Comme les textes ne sont pas gouvernés par des règles, mais par des normes, la description des genres est un objectif pour la typologie des textes et un enjeu important pour la linguistique (articulation des connaissances sur la structure de la langue avec les observations sur la structure des textes particuliers). C’est dans le cadre de genres déterminés que doivent être définis les parcours de production et d’interprétation, d’où le caractère primordial de leur typologie.

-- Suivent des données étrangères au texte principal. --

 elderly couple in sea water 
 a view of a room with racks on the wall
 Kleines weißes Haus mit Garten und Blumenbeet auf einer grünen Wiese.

L’hypothèse est faite que sur le plan sémantique notamment, les genres (cf. définition et place du genre plus haut) sont définis par des interactions normées entre les composantes [on laissera le plan de l’expression pour le moment] ; c’est la raison pour laquelle la notion de récit ne suffit pas à définir un genre, car elle ne relève que d’une des quatre composantes de la textualité (dialectique) ; et il s’agit non pas de formuler une typologie, mais d’en définir les critères [en outre, une typologie n’est pas une fin, c’est un outil de compréhension]. Interactions binaires (6 en tout, en couplant les composantes deux à deux) et ternaires : thématique-dialectique-tactique, thématique-dialogique-tactique, dialectique-dialogique-tactique. Les rapports entre composantes varient aussi relativement aux instances de systématicité), chaque composante pouvant être régie par trois types de systématicité (en plus : question des paliers). Les interactions de composantes n’ont pas à être explorées in abstracto ; elles sont codifiées par les discours et les genres (dont chacun peut être défini, quant à son contenu, comme un type d’interaction entre elles) et en cela relèvent de normes évidemment culturelles.